Если Восток – дело тонкое,
то Северный Кавказ – сверхтонкое.
Генерал Г.Н.Трошев

Больше тридцати лет я хожу и езжу по Кавказу, и сдается мне, что кое-что я в нем понял. Дело в том, что вы не увидите Кавказа, приехав на курорт – там вас обслуживают и только. И, когда, поев шашлыка, попив вина и поднявшись на канатке, вы с обзорной площадки хмельным глазом окинете панораму вершин, на которых не были, и вам покажется, будто что-то увидели, почувствовали и поняли, то знайте: это только эйфория от выпитого, не более. Вас не приблизит к местному жителю ваш навеянный вином псевдокавказский акцент. Вы на Кавказе, но от Кавказа вы так же далеки, как земля от неба. Мало одной встречи, чтобы понять Кавказ. Десяти встреч мало, а, может быть, мало будет и ста. Потому что курорт – это не Кавказ, а карикатура на Кавказ. Курортная любезность – сервис, души за ней нет. Для местных жителей вы – бездельники, которые только что и делают, что отдыхают. Одни бездельники сменяют других… То же в значительной мере относится к альпинистам и спортивным туристам. Пастух, встретившийся вам на пути, – работник. Вы – отдыхающий. Вот и вся разница между им и вами. А бездельников нигде не любят. Ладно, на курорте – там отдыхающие хоть деньги привозят и обеспечивают наличие рабочих мест, а в горах…

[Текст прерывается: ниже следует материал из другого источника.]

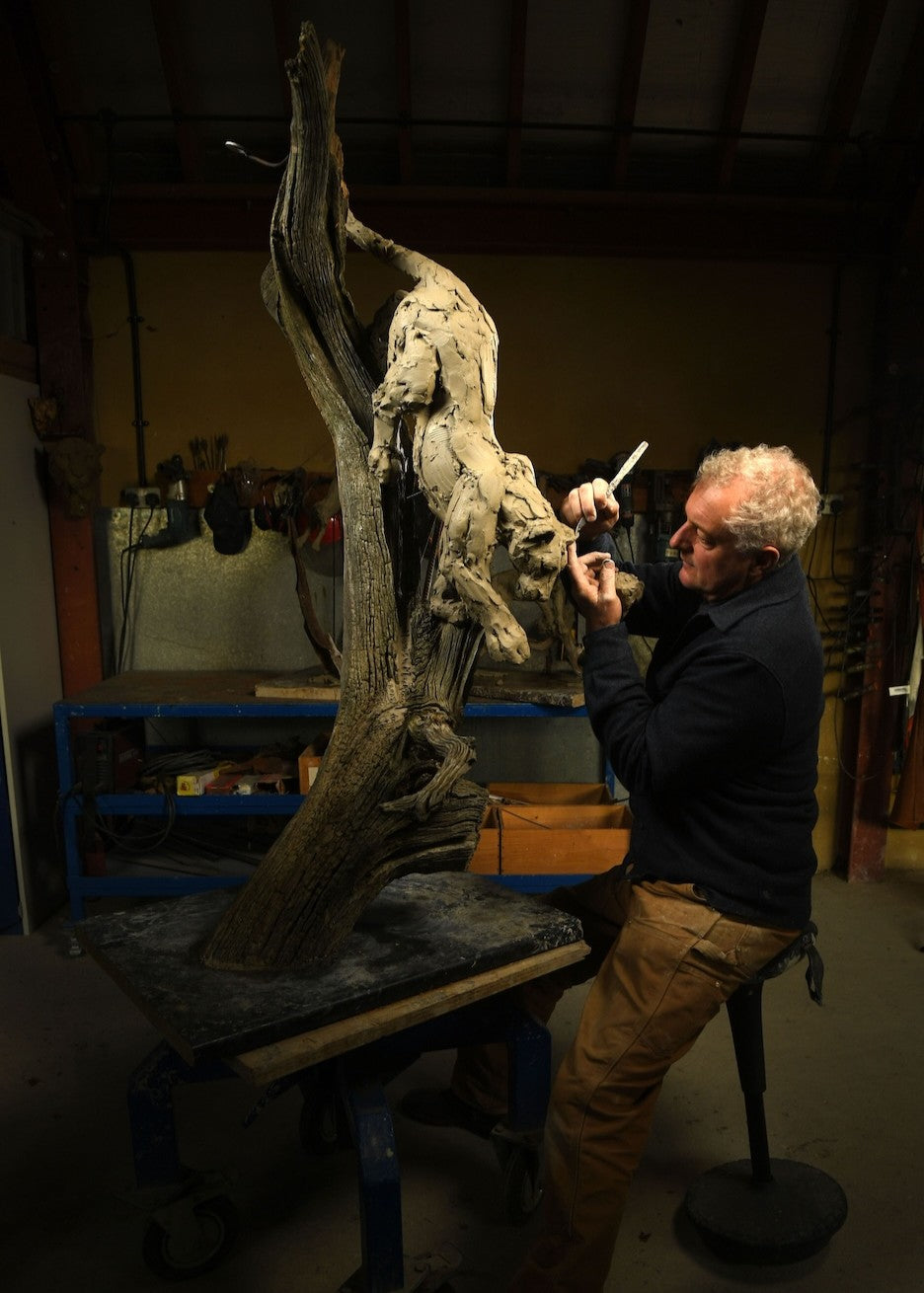 ‘Leopard Climbing Down a Tree’ by Hamish Mackie, a limited-edition bronze wildlife sculpture depicting an African leopard descending headfirst down a tall, weathered tree trunk. The leopard's muscular body, extended forelegs and curved tail capture the animal's extraordinary agility and balance. Finished in natural earthy bronze tones, the sculpture features a highly textured tree trunk mounted on a rectangular Purbeck limestone base, inspired by the artist's wildlife observations in the Serengeti.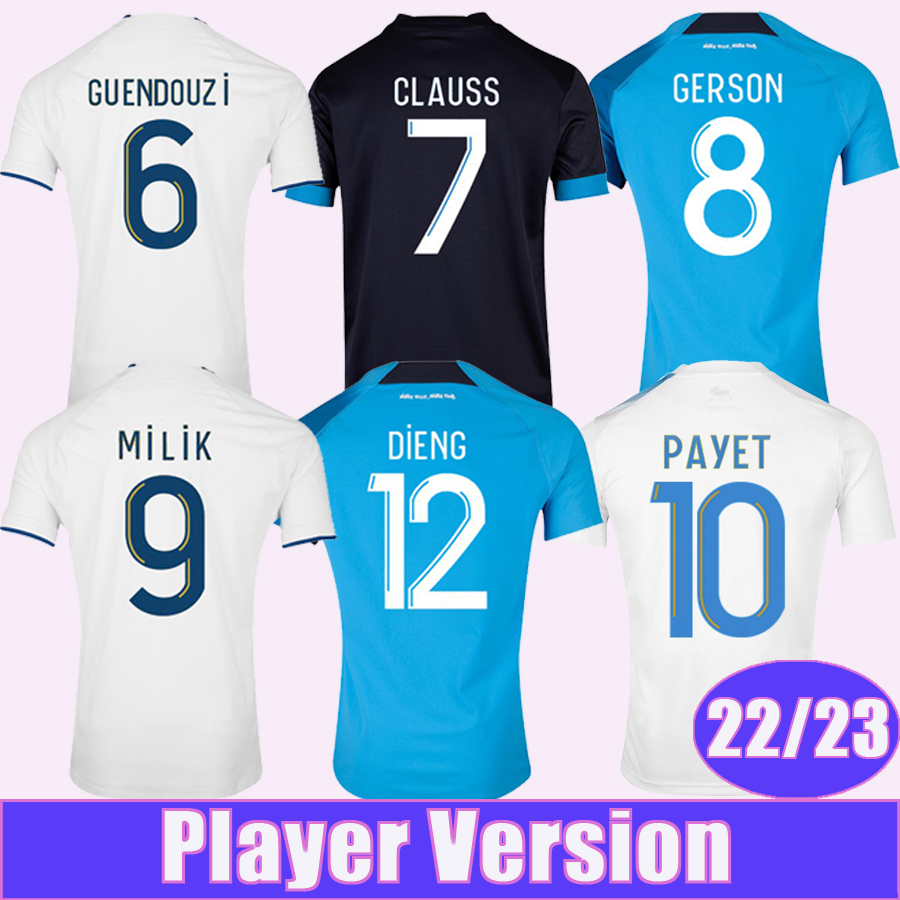 

22 23 MILIK PAYET GUENDOUZI GERSON Soccer Jerseys Mens Player Version LUIS HENRIQUE BAKAMBU UNDER TOURE GUEYE KONRAD DIENG Home Away 3rd 4TH Football Shirts, Qy11524 22 23 3rd no patch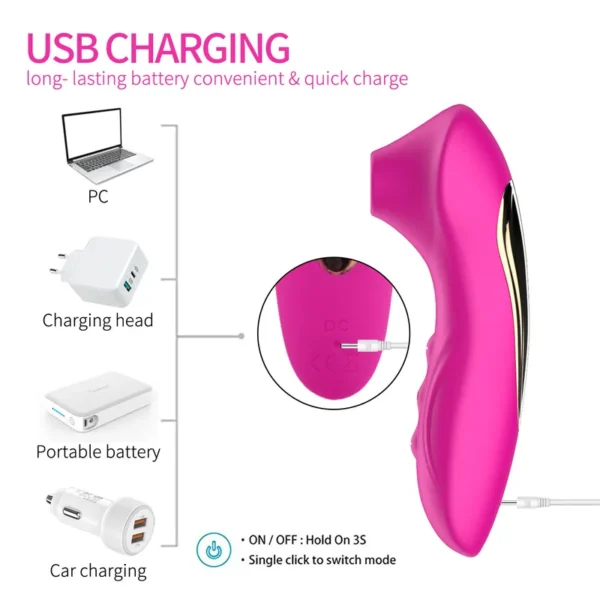 5 Frequency Women Vibrator 10 Sucking Modes Massager Stimulation USB Rechargeable Adult Sex Toy for Couples - Image 5
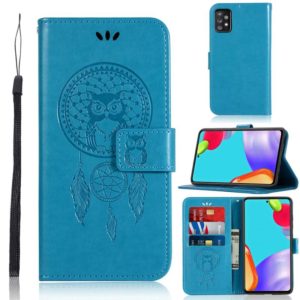 For Samsung Galaxy A72 5G / 4G Wind Chime Owl Embossing Pattern Horizontal Flip Leather Case with Holder & Card Slots & Wallet(Blue) (OEM)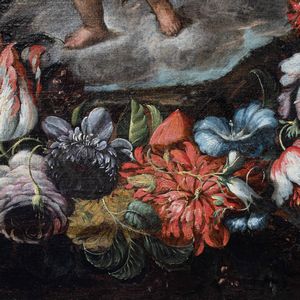 Scuola romana del XVII secolo Cristo fanciullo con globo entro ghirlanda di fiori  - Asta Old Masters - Associazione Nazionale - Case d'Asta italiane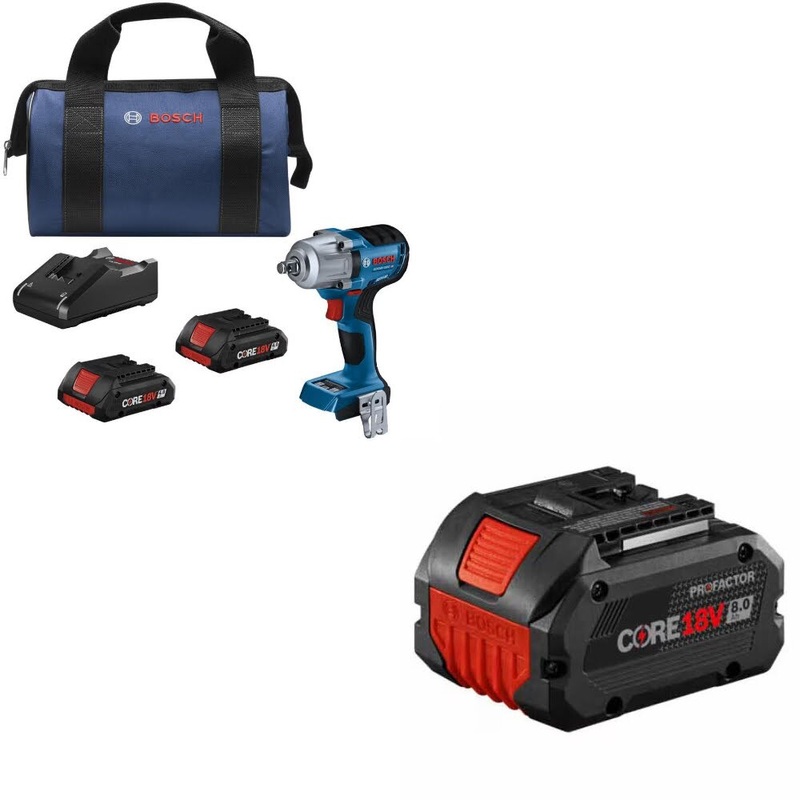 Bosch GDS18V-330CB25 1/2 Mid-Torque Wrench Kit W/ FREE GBA18V80 8.0Ah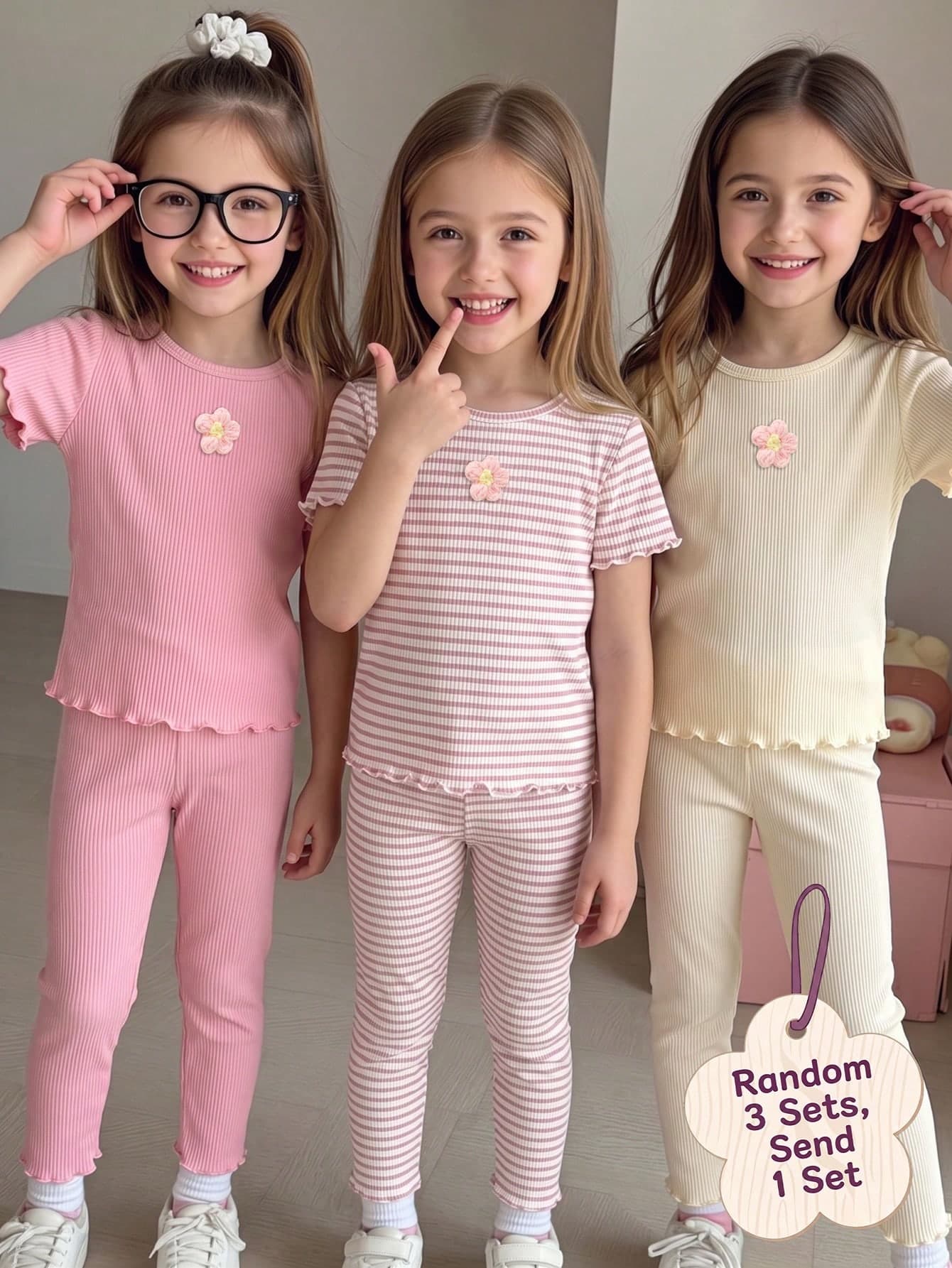 Elladie kids [1 Set Random]2pcs/Set Girls Sweet Striped Floral T-Shirt & Leggings Set, 3D Floral Striped Solid Color Ruffle Short Sleeve T-Shirt & Ruffle Leggings, Soft Fashion Sweet Cute Versatile Style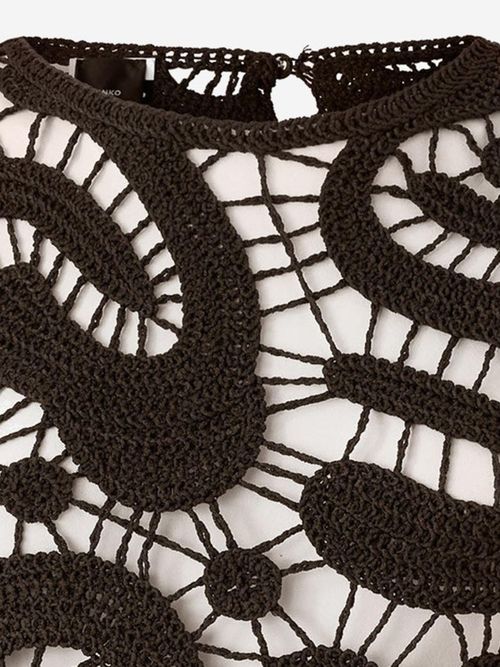 Geometric Crochet Tunic — Brown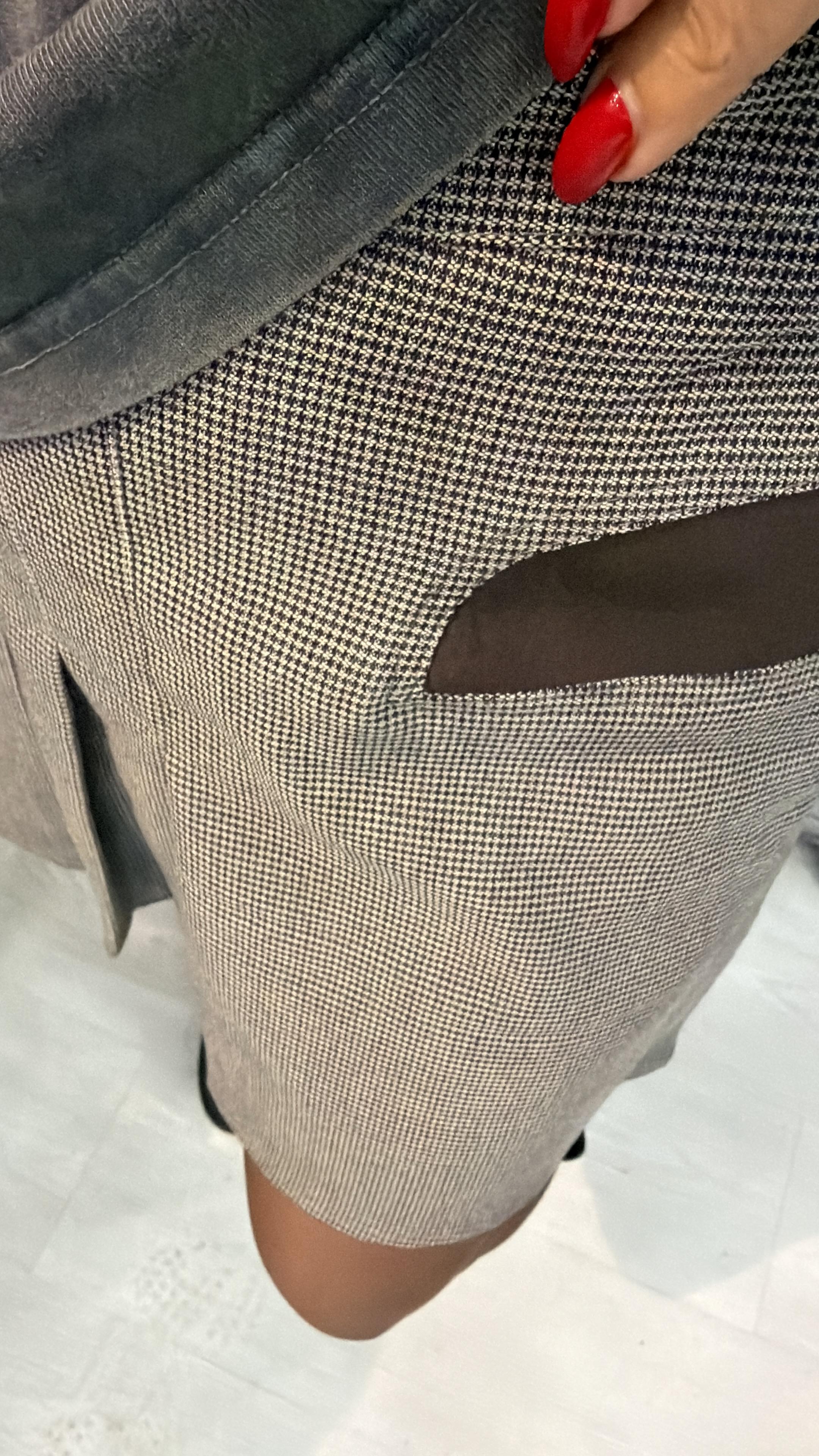 Deri Garnili Pötikareli Mini Etek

Я ходил и туристскими, и альпинистскими маршрутами, но гораздо чаще мне приходилось в горах не отдыхать, а работать, решая различные геологические задачи. Хотя отдых от работы бывает трудно отличить. Вот турист: пот градом, рюкзак тяжелый, маршрут труден, а то и опасен – отдых. Вахтер, дремлющий на стуле, – работа. Но у геолога в горах работа точно не отдых. Поэтому отношение к нам несколько иное – если и идет геолог туда, куда Хасан овец не гонял, то не из-за блажи, а по производственной или научной необходимости. Хотя наука в сегодняшней России – чистая блажь, но это уже другой вопрос. Геолог – тоже работник в горах, а значит, немного брат чабану. Нас роднит извечное предназначение человека на Земле: нелегкий труд под открытым небом. Таков труд чабана и землепашца. Таков труд моряка. Таков и труд геолога. Говорят, море – это небо для тех, кто не летает. Тогда горы – это море для тех, кто не плавает. Но горы восходят в небо.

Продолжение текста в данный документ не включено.